Monday morning and we hit the ground at the Ferry Building in Auckland Central for ‘Human Hoarding’ – what we would call sign waving. Hoarding is a regular bookend for the campaigning day. This morning we are hoarding for Nikki Kaye, the formidable Minister for Education, and the electorate member for Auckland Central.
Auckland Central is New Zealand’s most marginal electorate. Nikki Kaye was the first National to win the seat in 90 years when she was first elected in 2008, and has since beaten Jacinda Ardern for the seat on two occasions.
In the height of Jacinda-mania, Kaye is evidence that Ardern can be beaten.
The goal of hoarding is to boost name recognition and put a positive face on the party. As New Zealand has voluntary voting, it is also designed to get out the vote. We spend an hour and a half cheering people in from their ferries on their way to work, alternating between hitting the traffic on the street outside and the commuters arriving from their ferries.
Many of these commuters may not live in Kaye’s electorate, but it is still important to get them to vote National, as the overall number of seats the party receives will be decided by the party vote. The overall number of seats a party receives is decided by their share of the overall party vote.
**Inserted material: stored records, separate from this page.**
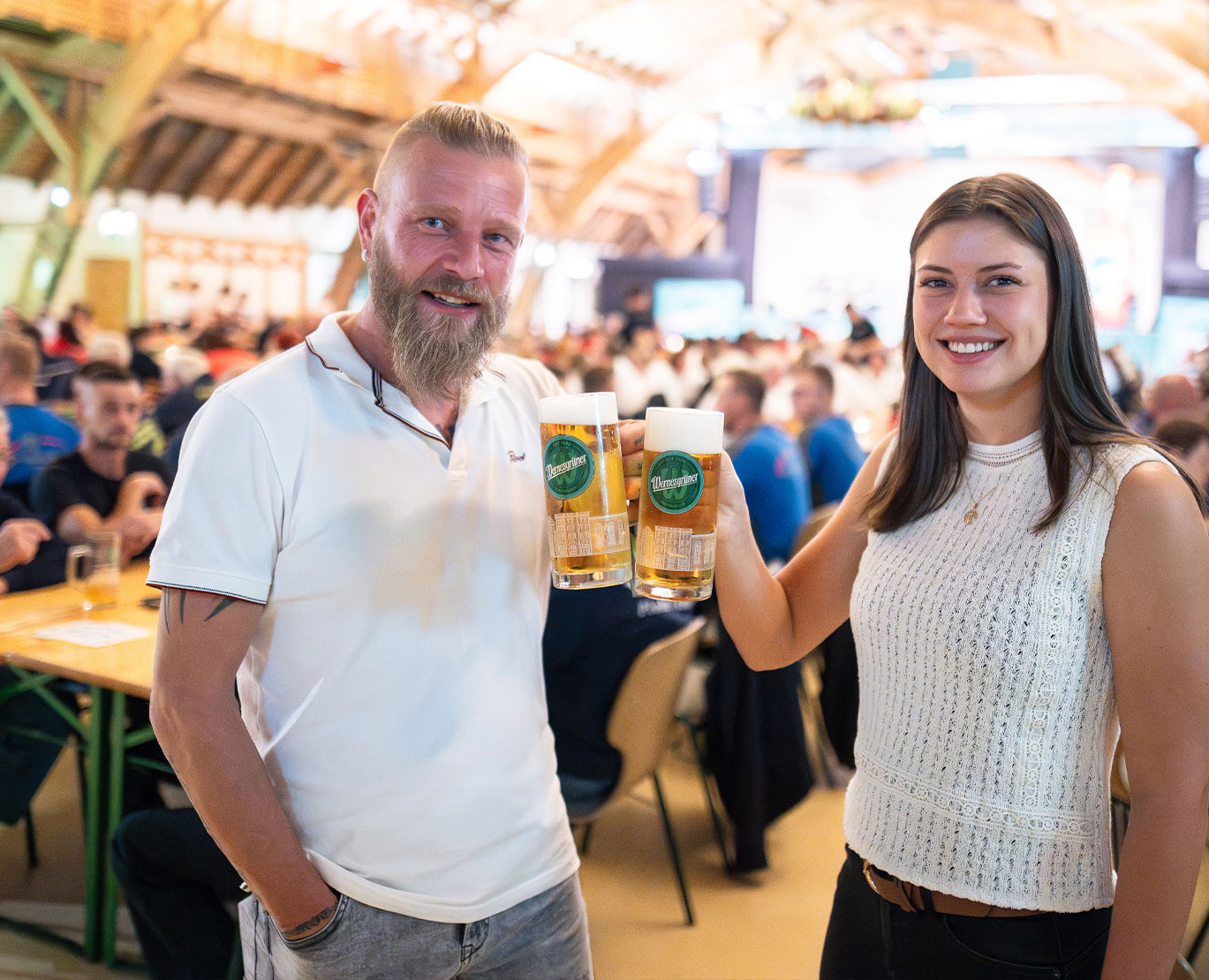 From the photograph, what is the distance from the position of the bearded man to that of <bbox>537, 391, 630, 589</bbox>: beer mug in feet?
0.52

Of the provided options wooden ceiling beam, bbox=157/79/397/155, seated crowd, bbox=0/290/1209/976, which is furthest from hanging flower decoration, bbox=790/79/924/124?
seated crowd, bbox=0/290/1209/976

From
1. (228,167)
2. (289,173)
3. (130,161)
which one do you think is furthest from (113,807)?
(289,173)

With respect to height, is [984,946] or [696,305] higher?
[696,305]

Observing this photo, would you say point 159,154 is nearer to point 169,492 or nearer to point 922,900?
point 169,492

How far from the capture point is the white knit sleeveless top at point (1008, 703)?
1171 mm

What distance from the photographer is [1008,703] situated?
3.91 feet

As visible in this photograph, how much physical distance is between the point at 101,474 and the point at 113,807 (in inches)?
57.4

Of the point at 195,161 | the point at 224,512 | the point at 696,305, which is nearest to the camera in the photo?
the point at 224,512

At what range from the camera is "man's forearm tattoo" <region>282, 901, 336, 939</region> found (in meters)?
1.21

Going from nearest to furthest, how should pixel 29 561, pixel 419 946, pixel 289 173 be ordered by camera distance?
pixel 419 946 < pixel 29 561 < pixel 289 173

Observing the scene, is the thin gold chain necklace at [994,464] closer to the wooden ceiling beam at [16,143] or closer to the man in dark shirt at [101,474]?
the man in dark shirt at [101,474]

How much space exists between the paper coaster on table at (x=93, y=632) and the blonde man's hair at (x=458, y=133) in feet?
5.46

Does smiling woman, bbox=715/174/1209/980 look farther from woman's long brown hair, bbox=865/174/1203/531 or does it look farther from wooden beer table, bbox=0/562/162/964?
wooden beer table, bbox=0/562/162/964

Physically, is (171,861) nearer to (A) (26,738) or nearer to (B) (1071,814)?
(A) (26,738)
After this we visit the Nationals digital team. Kaye records a Facebook live QandA with two other candidates. The digital team is about twelve strong. They are constantly workshopping graphics and videos to put out onto social media. Far from just producing content for Twitter, Instagram, and Facebook, they are utilising WeChat to better reach Asian voters.
We then visit the Auckland Central electorate office and immediately get to work phone canvassing. Unlike phone canvassing scripts that in Australia, this script is short and to the point. We identify ourselves as calling on behalf of the National party and ask the voter directly about their voting intentions. The purpose of this is both to identify National voters so that we can assure they get out to the polls, and less formally, to gauge the mood in the community.
On Election Day information about likely or intended National voters will be cross-referenced with information from the electoral commission on who has already voted to create a targeted turn-out-the-vote operation. Each day as people vote in pre-poll voting, the page and line number of their name on the electoral roll will be passed on to the party. This information is entered into a smart-phone application by scrutineers to keep track of who is voting and who is yet to turn out.
More hoarding for evening peak hour is followed by a debate between the Young National and Young Labour President. The debate is taking place on an online IT start-up targeted at students, and is streamed live via Facebook. The hour passes quickly with Labour still unable to articulate its tax plans when they are raised by the moderator, this would be prophetic for the week to come.
The next day will be spent campaigning in safe seats, where campaigning is still vitally important. As the Party Vote is national, maximising the voter turnout in safe seats is seen as an important strategy to win government. A quick look at Stanford’s flyers reveal they are duplicated in Mandarin on the back
It is clear that while the New Zealand electoral system differs significantly from our own, we can learn a lot from the methods they use to target their message to voters.